Leaving the pictures aside, transcribe every line below exactly.
START Available data
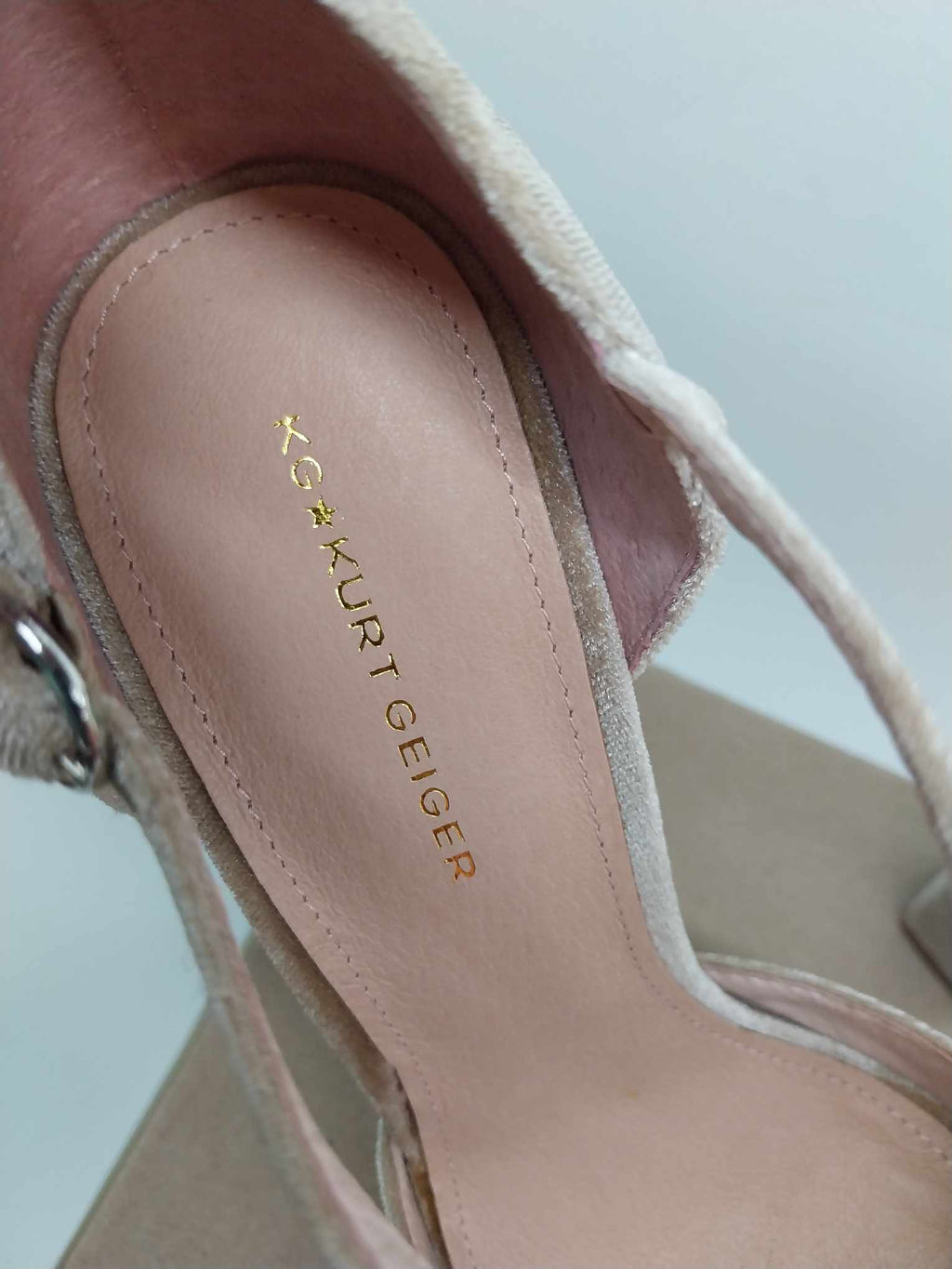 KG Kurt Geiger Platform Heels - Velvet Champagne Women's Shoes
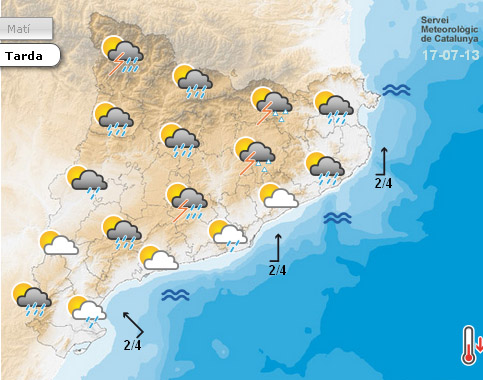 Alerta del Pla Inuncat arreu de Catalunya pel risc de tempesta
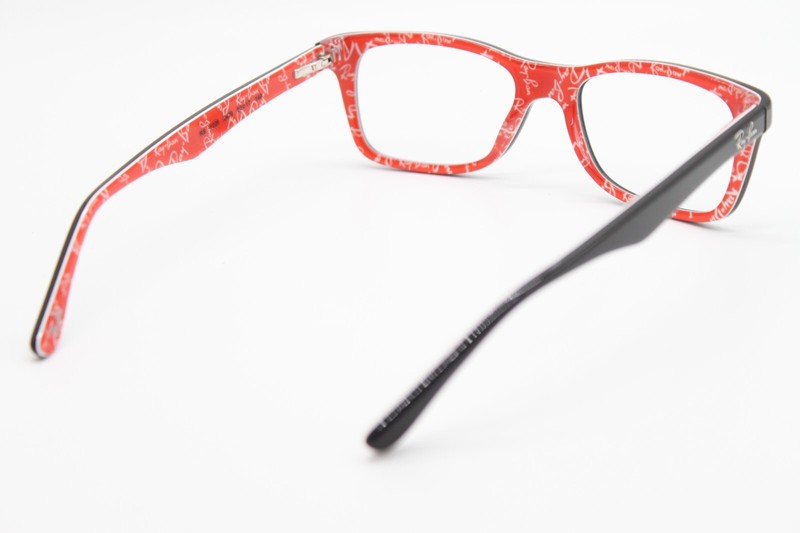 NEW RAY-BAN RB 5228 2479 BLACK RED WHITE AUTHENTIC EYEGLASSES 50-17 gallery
END Available data
*Result of the task*
 KG Kurt Geiger Platform Heels - Velvet Champagne Women's Shoes
 Alerta del Pla Inuncat arreu de Catalunya pel risc de tempesta
 NEW RAY-BAN RB 5228 2479 BLACK RED WHITE AUTHENTIC EYEGLASSES 50-17 gallery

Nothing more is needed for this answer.